Basically the existing adaptive noise shaping method creates a "desired noise shape" from the FFT results of the 1.5msec and 20msec FFT analyses, using an increasing proportion of one / decreasing proportion of the other as frequency increases.

What the hybrid method does is to take into account FFT results from all analysis lengths carried out - and adds them together (there is some stretching involved for all but the longest FFT).  The order in which additional FFTs are introduced (by the -a, --analyses parameter) has been reversed so that the 10msec FFT is the first additional one added - this seems to improve the shape of the noise introduced by the adaptive shaping.
Title: Re: lossyWAV 1.4.2 Development (was 1.5.0)
Post by: alter4 on 2016-04-30 09:44:00
Thank you Nick.C!
If I use 1,4,1m with command line  '--quality high' Is that option still the best recommended setting for this level of quality or I can improve the quality by adding force hybrid shaping to the command line? 
Title: Re: lossyWAV 1.4.2 Development (was 1.5.0)
Post by: 2Bdecided on 2016-04-30 20:43:32
If I am using a  file high passed at 24khz or so before playing at half speed, then will the result be correct? At least there won't be an audioband to mess up.
Your highpassed file has little or nothing in the audioband, hence the noise floor in the audioband is exceptionally low. Hence lossyWAV probably won't remove any bits, as it will attempt to preserve that artificially low noise floor. Hence highpassing the file isn't going to tell you anything useful about the ultrasonics because the very act of highpassing the audio stops lossyWAV from doing anything.

Quote
Sorry if these questions seem dumb, or the task futile, but it seems to me that if as MQA presumes, there is a market fro streaming 24/96 files, then lossywav really could provide an open source way of doing it which should work much better with subsequent eqing than the somewhat opaque MQA process, and should work for anyone with a 24/96 dac.
Neither dumb nor futile. You can certainly use lossyWAV to preserve 96kHz audio at lower bitrates without introducing the 22.05Hz filtering that the inventors of MQA believe is so terrible.

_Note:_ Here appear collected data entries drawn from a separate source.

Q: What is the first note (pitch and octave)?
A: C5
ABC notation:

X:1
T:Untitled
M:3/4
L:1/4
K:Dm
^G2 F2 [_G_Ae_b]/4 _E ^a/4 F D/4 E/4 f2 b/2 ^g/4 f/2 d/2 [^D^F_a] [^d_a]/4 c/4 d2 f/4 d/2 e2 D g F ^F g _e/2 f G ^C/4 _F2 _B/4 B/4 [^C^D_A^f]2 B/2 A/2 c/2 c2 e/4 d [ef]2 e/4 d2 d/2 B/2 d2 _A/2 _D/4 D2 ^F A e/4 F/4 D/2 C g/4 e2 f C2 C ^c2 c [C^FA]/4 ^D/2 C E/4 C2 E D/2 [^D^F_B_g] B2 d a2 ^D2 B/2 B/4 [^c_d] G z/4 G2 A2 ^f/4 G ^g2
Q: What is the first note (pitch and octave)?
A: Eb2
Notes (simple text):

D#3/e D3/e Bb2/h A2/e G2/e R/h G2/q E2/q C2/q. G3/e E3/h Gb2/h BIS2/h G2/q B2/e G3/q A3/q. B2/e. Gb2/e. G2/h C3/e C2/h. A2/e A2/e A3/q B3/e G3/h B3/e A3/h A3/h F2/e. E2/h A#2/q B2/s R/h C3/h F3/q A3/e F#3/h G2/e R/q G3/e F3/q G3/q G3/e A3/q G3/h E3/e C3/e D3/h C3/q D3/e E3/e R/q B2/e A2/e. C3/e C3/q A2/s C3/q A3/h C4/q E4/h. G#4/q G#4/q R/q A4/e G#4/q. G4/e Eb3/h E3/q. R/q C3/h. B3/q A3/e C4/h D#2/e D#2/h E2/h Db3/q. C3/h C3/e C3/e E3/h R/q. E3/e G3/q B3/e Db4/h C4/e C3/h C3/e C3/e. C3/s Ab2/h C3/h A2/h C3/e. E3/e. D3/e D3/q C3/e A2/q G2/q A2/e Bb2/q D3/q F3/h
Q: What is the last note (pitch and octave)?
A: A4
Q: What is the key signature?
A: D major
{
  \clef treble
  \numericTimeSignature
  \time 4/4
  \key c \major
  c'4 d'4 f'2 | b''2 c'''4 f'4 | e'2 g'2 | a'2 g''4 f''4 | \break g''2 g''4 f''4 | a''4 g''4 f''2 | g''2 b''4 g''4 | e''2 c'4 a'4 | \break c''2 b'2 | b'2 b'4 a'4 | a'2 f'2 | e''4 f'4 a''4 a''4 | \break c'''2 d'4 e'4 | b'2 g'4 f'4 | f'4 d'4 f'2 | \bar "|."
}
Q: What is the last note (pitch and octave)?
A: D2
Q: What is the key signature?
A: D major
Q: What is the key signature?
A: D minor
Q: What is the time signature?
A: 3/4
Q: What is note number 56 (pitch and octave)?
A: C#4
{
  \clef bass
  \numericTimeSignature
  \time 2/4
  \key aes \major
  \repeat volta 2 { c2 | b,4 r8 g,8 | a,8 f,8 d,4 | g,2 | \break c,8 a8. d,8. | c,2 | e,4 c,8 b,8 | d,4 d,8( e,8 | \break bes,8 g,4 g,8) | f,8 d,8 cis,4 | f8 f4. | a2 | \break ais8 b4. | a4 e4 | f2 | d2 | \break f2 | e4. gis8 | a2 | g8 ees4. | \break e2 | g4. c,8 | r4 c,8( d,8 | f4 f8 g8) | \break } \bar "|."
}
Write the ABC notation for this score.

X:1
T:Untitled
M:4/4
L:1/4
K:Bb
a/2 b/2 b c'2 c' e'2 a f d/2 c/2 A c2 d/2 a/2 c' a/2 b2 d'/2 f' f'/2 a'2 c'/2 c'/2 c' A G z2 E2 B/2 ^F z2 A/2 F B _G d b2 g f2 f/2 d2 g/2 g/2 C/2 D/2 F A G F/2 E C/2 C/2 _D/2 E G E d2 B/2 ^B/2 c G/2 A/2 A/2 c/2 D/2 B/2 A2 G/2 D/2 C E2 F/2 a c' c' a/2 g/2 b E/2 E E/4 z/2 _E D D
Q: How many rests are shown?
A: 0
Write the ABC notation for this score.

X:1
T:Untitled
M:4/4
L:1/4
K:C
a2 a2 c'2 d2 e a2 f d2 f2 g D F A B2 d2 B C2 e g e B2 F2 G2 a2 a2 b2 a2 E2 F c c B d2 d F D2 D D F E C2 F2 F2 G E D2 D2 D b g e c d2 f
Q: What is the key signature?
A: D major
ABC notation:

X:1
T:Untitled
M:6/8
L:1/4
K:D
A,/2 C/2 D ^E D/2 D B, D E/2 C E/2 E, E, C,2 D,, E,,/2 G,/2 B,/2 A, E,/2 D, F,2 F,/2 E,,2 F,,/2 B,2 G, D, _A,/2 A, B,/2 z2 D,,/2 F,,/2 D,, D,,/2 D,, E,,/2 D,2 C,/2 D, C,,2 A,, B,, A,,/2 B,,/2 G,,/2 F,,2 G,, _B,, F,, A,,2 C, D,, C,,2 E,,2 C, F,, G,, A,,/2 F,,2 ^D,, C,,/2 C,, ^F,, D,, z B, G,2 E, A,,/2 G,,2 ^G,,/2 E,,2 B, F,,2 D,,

Be careful if you try to copy some of the other ideas from MQA though - there are patents. I haven't read them carefully enough to give an opinion, and IANAL.

Cheers,
David.
Title: Re: lossyWAV 1.4.2 Development (was 1.5.0)
Post by: alter4 on 2016-05-07 14:37:13
If I use 1,4,1m with command line  '--quality high' Is that option still the best recommended setting for this level of quality or I can improve the quality by adding force hybrid shaping to the command line? 
Nobody answered so I made comparison of 2 sines signal with " --quality standard" vs  "--quality standard -s h" settings.
The result is below (hudrid, original and pure standard)
http://imgur.com/a/O5eX9
Of course the noise in all cases is inaudible but pure standard looks better. I stick to pure standard settings.
Title: Re: lossyWAV 1.4.2 Development (was 1.5.0)
Post by: GeSomeone on 2016-06-30 12:24:05
I had some trouble using lossyWav lately, turns out 1.4.1m has expired.
Title: Re: lossyWAV 1.4.2 Development (was 1.5.0)
Post by: Fairy on 2016-06-30 13:44:42
I had some trouble using lossyWav lately, turns out 1.4.1m has expired.

Nick has been exactly on time releasing a new beta everytime. Wonder what's up.
Title: Re: lossyWAV 1.4.2 Development (was 1.5.0)
Post by: Nick.C on 2016-06-30 14:02:31
lossyWAV beta 1.4.1n attached to post #1 in this thread.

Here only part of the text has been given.